Learn how easy it is to sync an existing GitHub or Google Code repo to a SourceForge project! See Demo

Close

#97 Network broke down

closed-fixed
Henry N.
None
5
2007-03-09
2006-07-06
Anonymous
No

Hello

I've use the stable version of colinux with debian
testing, all works finde but sometimes the vnc
connection broke and when I want to ping the machine
there is a timeout.
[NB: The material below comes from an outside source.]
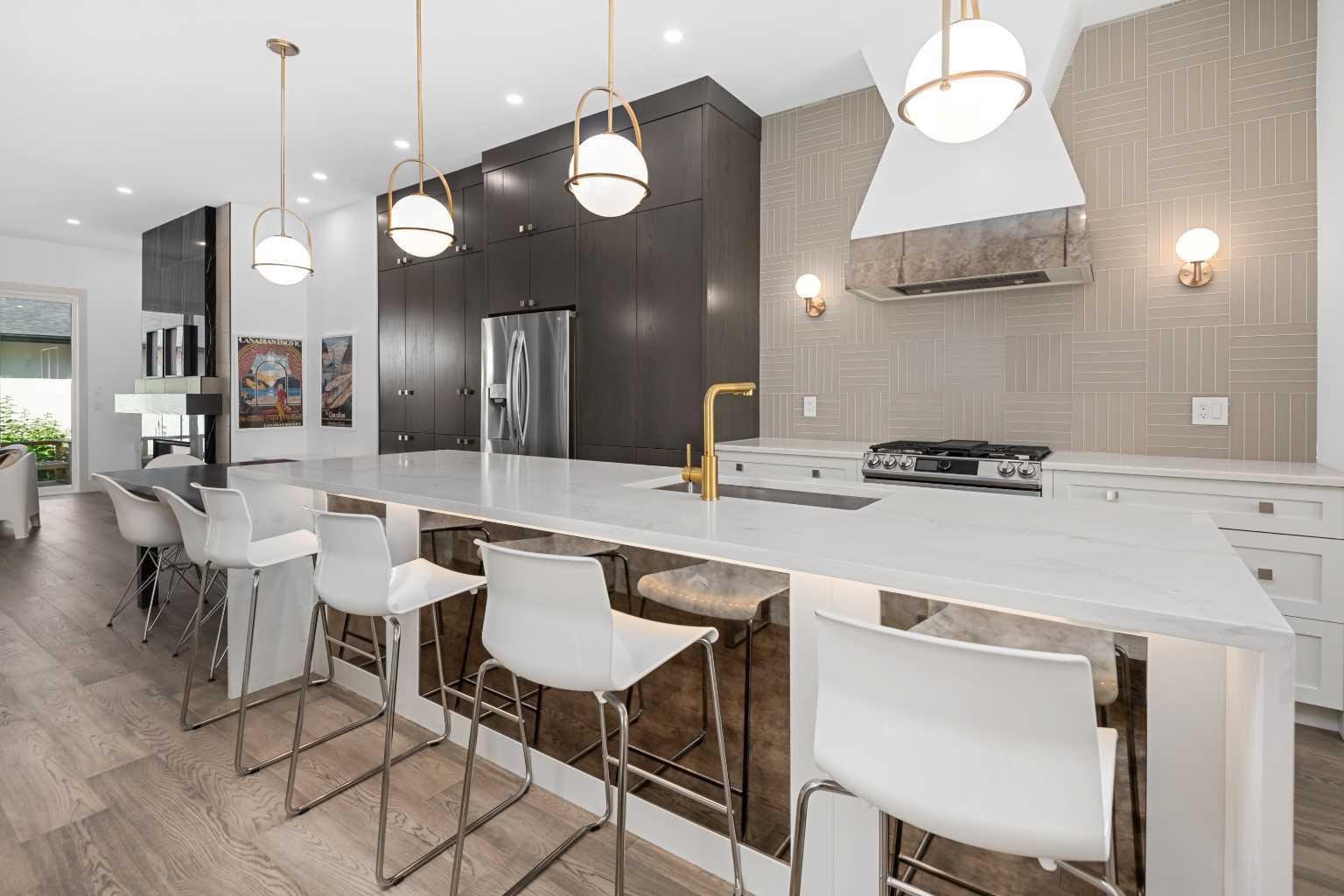 MLS #A2270808 image #6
I've tested to restart the network
with /etc/init.d/networks restart, but the error can't
bring up eth0 will be displayed.

That the network will work I must reboot colinux.
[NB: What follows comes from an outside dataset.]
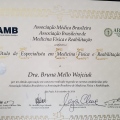 Ampliar imagem: certificate 2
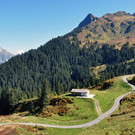 Bild 750x422-04.jpg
I use th newest version of the WinPCAP driver...

Discussion

  • andy
    andy
    2006-07-13

    Logged In: YES
    user_id=802927

    Same issue here, as soon as network goes under heavy load,
    colinux lost connection, it's impossible to forward a X
    display using plain bitmaps for example.
    I use a native bridget network card and i've tried several
    versions of winpcap driver.
    Switching to colinux 0.6.3 solved the issue.

    The changelog says:
    -Fix for dropped UDP/TCP packets between linux and host daemons.

    -pcap/Bridged:
    * Add promisc="false" in config.xml, or 'nopromisc' as
    last command-line argument
    (ie, eth1=pcap,"Local Area Connection","<FAKE
    MAC>",nopromisc ).
    Default is Promiscuous on.

    Next, i will try 0.6.4 with no Promiscuous mode active.

     
  • Mitch Bradley
    Mitch Bradley
    2006-08-10

    Logged In: YES
    user_id=1131764

    I'm seeing a similar thing, and I can reproduce it pretty
    much at will. I'm using colinux 0.6.4-2.6.11 with
    FedoraCore5-2006.8-ext3-2gb . I have added several packages
    with yum, including gqview (an image viewer). I run
    Cygwin/X on the WinXP Pro host machine, communicating with
    it via colinux-bridged-net-daemon .

    The way to reproduce the problem is as follows:
    a) run "gqview", with DISPLAY set so that the X window comes
    up on the host machine.
    b) Use it to view a large hi-res JPEG image. It initially
    shows a portion of the image in a small window.
    c) Resize the X window by dragging the corner, attempting to
    expose a much larger region of the image.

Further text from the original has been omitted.